Он тихонько постучался в ворота, и ему тотчас отпер монах, дожидавшийся его по приказанию любезного настоятеля; он сообщил молодому человеку, что вся братия в церкви и будет молиться до рассвета, чтобы вымолить себе прощение за участие в скандале,
Монах предложил Квентину разделить их общую молитву, но платье молодого шотландца до такой степени вымокло, что он должен был отказаться от этого предложения и попросил разрешения обсушиться на кухне, чтобы быть в состоянии наутро продолжать путь. Он ни в коем случае не хотел, чтобы цыган, встретившись с ним поутру, узнал о его ночном похождении. Монах не только дал ему разрешение, но предложил себя в собеседники, чему Квентин очень обрадовался, рассчитывая получить от него подробные сведения о двух дорогах, про которые говорили цыган с ландскнехтом. Оказалось, что собеседник Квентина мог лучше всех других монахов удовлетворить его любопытство, так как он часто отлучался из обители по монастырским делам; но, сообщив ему все подробности, францисканец заметил, что дамам, которых Квентин сопровождает, следует продолжать свой путь по правому берегу Мааса, чтобы поклониться кресту Трех Царей, воздвигнутому на том месте, где останавливались по пути в Кельн святые мощи Каспара, Мельхиора и Бальтазара (имена, данные католической церковью трем восточным мудрецам, приходившим в Вифлеем с дарами) и где они сотворили немало чудес.
Квентин ответил, что его спутницы твердо решили посетить по пути все святые места и непременно побывать у креста Трех Царей, но что они еще не знают, посетят ли его по дороге в Кельн или на обратном пути, так как в настоящее время правый берег Мааса, говорят, не совсем безопасен из-за появившихся на нем разбойников свирепого Гийома де ла Марка.
— Господи спаси и помилуй! — воскликнул монах. — Неужто Арденнский Дикий Вепрь опять устроил свое логовище так близко от нас? Впрочем, если даже и так, Маас достаточно широк и будет надежной преградой между ним и нами.
— Но он не будет преградой между нами и этими разбойниками, если мы перейдем на ту сторону и направимся по правому берегу, — заметил Квентин.
— Господь защитит своих избранников, сын мой, — сказал монах. — Горько было бы думать, что святые мощи благословенного города Кельна, которые не терпят присутствия неверных в его стенах, могут допустить такую несправедливость, как нападение на богомольцев, пришедших им поклониться, да еще со стороны такой неверной собаки, как Арденнский Вепрь, который будет почище целой шайки язычников-сарацин со всеми десятью коленами Израиля в придачу.
Что бы ни думал Квентин, как добрый католик, о силе заступничества святых мощей города Кельна, он не мог в душе слишком рассчитывать на него, зная, что его спутницы назвались богомолками не из благочестия, а из расчета.
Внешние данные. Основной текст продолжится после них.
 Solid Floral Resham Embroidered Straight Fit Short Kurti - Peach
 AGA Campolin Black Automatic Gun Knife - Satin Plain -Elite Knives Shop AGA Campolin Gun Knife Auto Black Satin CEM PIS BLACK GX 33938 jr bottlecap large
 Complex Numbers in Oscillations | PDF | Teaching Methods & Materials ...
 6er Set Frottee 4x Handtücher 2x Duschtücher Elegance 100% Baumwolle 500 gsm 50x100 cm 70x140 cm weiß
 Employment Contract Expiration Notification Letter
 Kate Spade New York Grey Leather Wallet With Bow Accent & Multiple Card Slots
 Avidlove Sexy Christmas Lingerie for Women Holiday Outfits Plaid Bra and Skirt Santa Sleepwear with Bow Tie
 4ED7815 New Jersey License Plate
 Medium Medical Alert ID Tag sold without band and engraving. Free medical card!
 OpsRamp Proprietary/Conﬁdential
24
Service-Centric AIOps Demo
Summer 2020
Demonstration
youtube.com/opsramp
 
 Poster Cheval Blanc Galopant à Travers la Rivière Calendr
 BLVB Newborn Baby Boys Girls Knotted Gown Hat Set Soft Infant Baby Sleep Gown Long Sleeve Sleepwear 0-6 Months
Поэтому он решил по возможности не ставить дам в такое положение, когда им было бы необходимо чудесное заступничество. Тем не менее в простоте своей искренней веры он тут же дал обет сходить на поклонение кресту Трех Царей, если только эти мудрые и царственные святые помогут ему благополучно доставить на место тех, чья безопасность была теперь его главной заботой.
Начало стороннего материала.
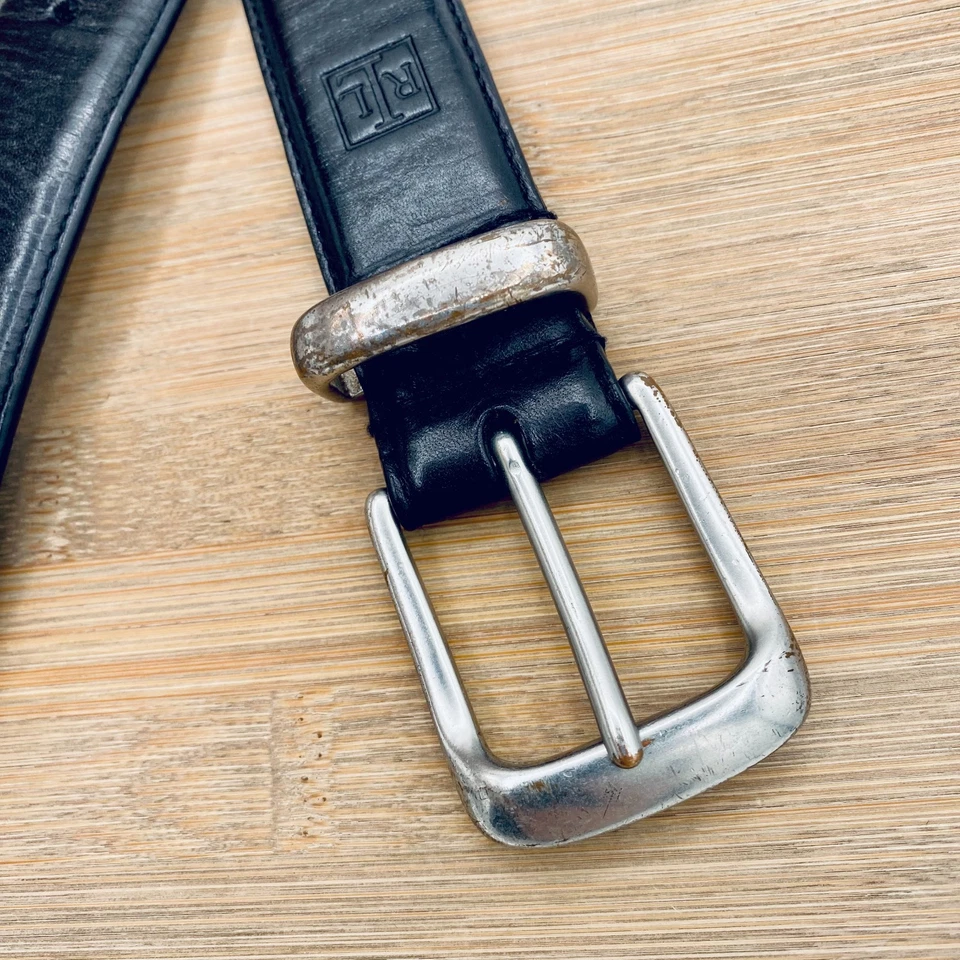 Cinturón vintage Lauren Ralph Lauren para hombre 38 negro grano completo cuero hebilla plateada Foto 3 de 4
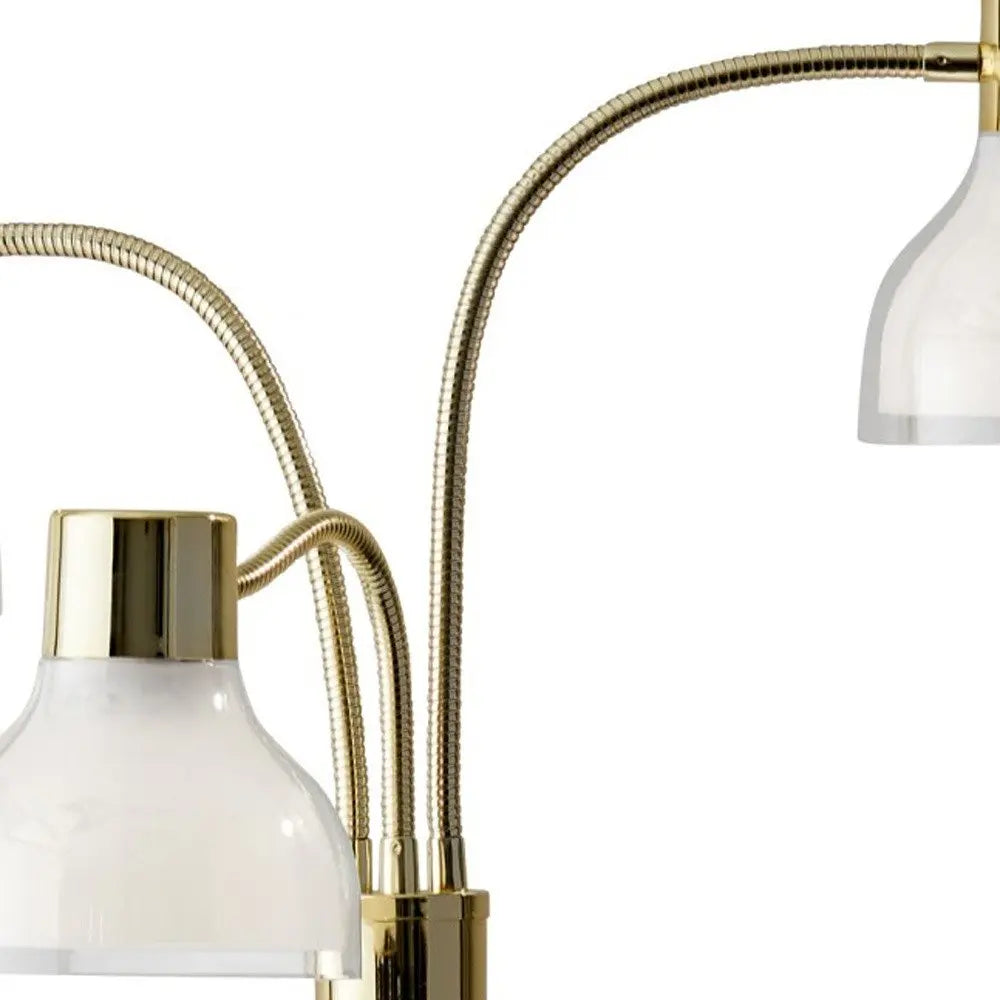 69" Gold Three Light Tree Floor Lamp With Clear Plastic Bowl Shade HomeRoots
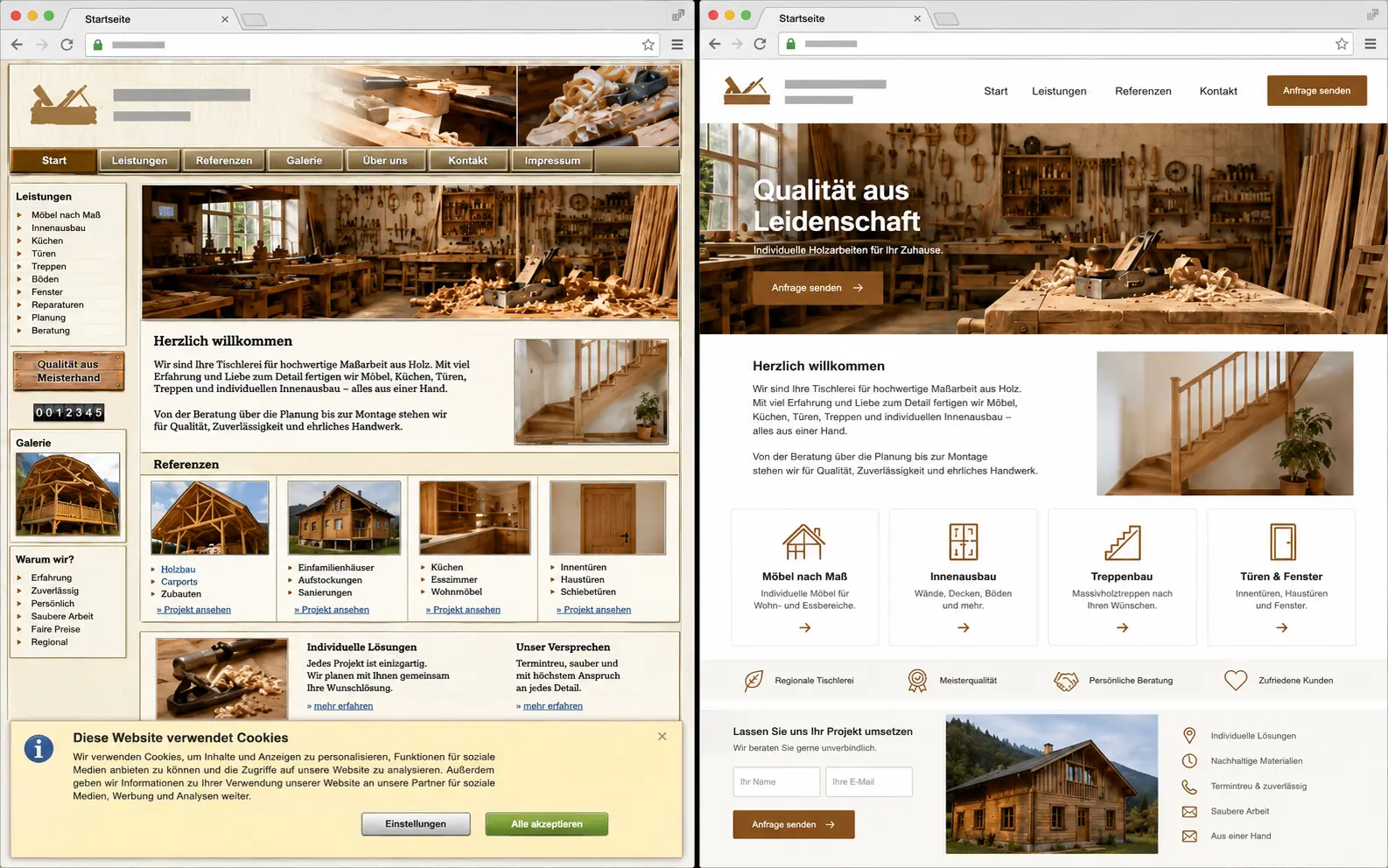 Website-Relaunch einer Tischlerei am Desktop — links die veraltete Seite mit Cookie-Banner, rechts der saubere Neuaufbau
Желая принести обет с возможной торжественностью, он попросил францисканца провести его в одну из часовен, примыкавших к монастырской церкви, и здесь, набожно преклонив колена, горячо подтвердил данное им мысленно обещание. Отдаленное пение монастырского хора, торжественная тишина позднего часа, выбранного им для этого благочестивого дела,
Поручив себя и своих беззащитных спутниц покровительству святых и промыслу божию, Квентин отправился наконец на отдых, произведя на францисканца сильное впечатление своей глубокой набожностью.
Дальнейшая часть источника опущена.